Random Slopes

The model description so far is very much like a SEM model for multiple levels. In this chapter, we examine conventional random-slopes model for two level data. Mehta and West (2000) demonstrated how a longitudinal model with random-slopes for time may be estimated within an SEM context. Mehta, Neale, and Flay (2005) extended the idea to random-slopes model for the case of clustered data.

Table of Contents

Two-level equations

Level 1

\[ y_{ij} = b_{0j} + b_{1j} \times x_{ij} + e_{ij}, \] \[ e \sim N(0, \theta) \]

Level 2

\[ b_{0j} = \gamma_{00} + u_{0j} \] \[ b_{1j} = \gamma_{10} + u_{1j} \] \[ u \sim N(0, \Psi) \]

\[
\Psi=
\begin{bmatrix}
\psi_{1,1} & \\
\psi_{2,1} & \psi_{2,2}
\end{bmatrix}
\]

In a random-slopes model, the effect of a level-1 independent variable \( (x_{ij}) \) on a level-1 dependent variable \( (y_{ij}) \) varies randomly across level-2 units. Such models are also known as the random-coefficients model, as the regression-coefficients \( b_{0j} \) & \( b_{1j} \) vary randomly. Such random-effects are unobserved or latent variables at level-2. In xxM, random-effects are treated as latent variables. Using the SEM notation for a latent variable (\( \eta \)) the above equations may be written as:

\[ y_{ij}^1 = 1_{ij}^{1,2}  \times \eta_{1j}^2 + x_{ij}^{1,2} \times \eta_{2j}^2 + e_{ij}^1, \]

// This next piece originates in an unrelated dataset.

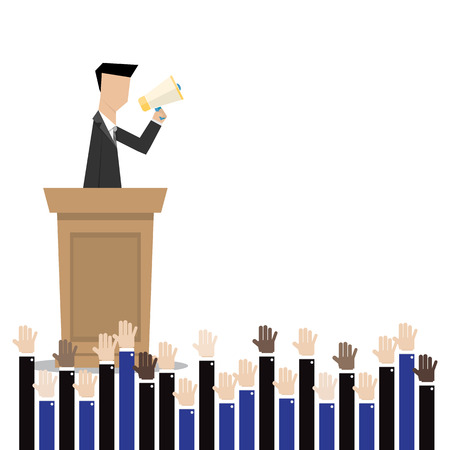 man at the podium and  hands up for voteのイラスト素材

\[ \eta_{1}^2 = \alpha_{1}^2 + \zeta_{1j}^2 \] \[ \eta_{2}^2 = \alpha_{2}^2 + \zeta_{2j}^2 \]

Note that the coefficients are random or latent variables, whereas the predictors \( (1_{ij} \) and \( x_{ij}) \) are fixed. We can use a SEM measurement model to capture the directional relationship between random-effects at level-2 and observed variables at level-1, in which the factor-loadings are fixed to level-1 values of fixed predictors. With this mind-set, the factor-loading matrix (\( \Lambda \)) has a single row and two columns:

\[
\Lambda^{1,2} =
\begin{bmatrix}
1.0 & x_{ij}
\end{bmatrix}
\]

The first column is fixed to \( 1.0 \), whereas the second column is fixed to student-specific values of \( x_{ij} \). The idea of fixing factor-loadings for specifying multilevel random-slopes was introduced in the context of growth-curve modeling in Mehta and West (2000) and extended to clustered data and general multilevel case in Mehta, Neale, and Flay (2005). The following path-diagram has a one-to-one correspondence to the first and second level equations for a random-slope model.

Note:

  • A random-slopes model is just a measurement model

Path Diagram

alt ranslp.xxmModel

xxM Model Matrices

Level-1: Within matrices

In this example, we will use superscripts for associating each within-matrix to a given level. The rules of superscripts (for levels) correspond to the rules for subscripts (for variables).

Residual Covariance Matrix

At level-1, we have a single dependent variable and hence a single parameter level-1 residual variance (\( \theta_{1,1} \)). Hence, the residual covariance or theta matrix is a \( (1\times1) \) matrix:

\[ \Theta^{1,1} = [\theta_{1,1}^{1,1}] \]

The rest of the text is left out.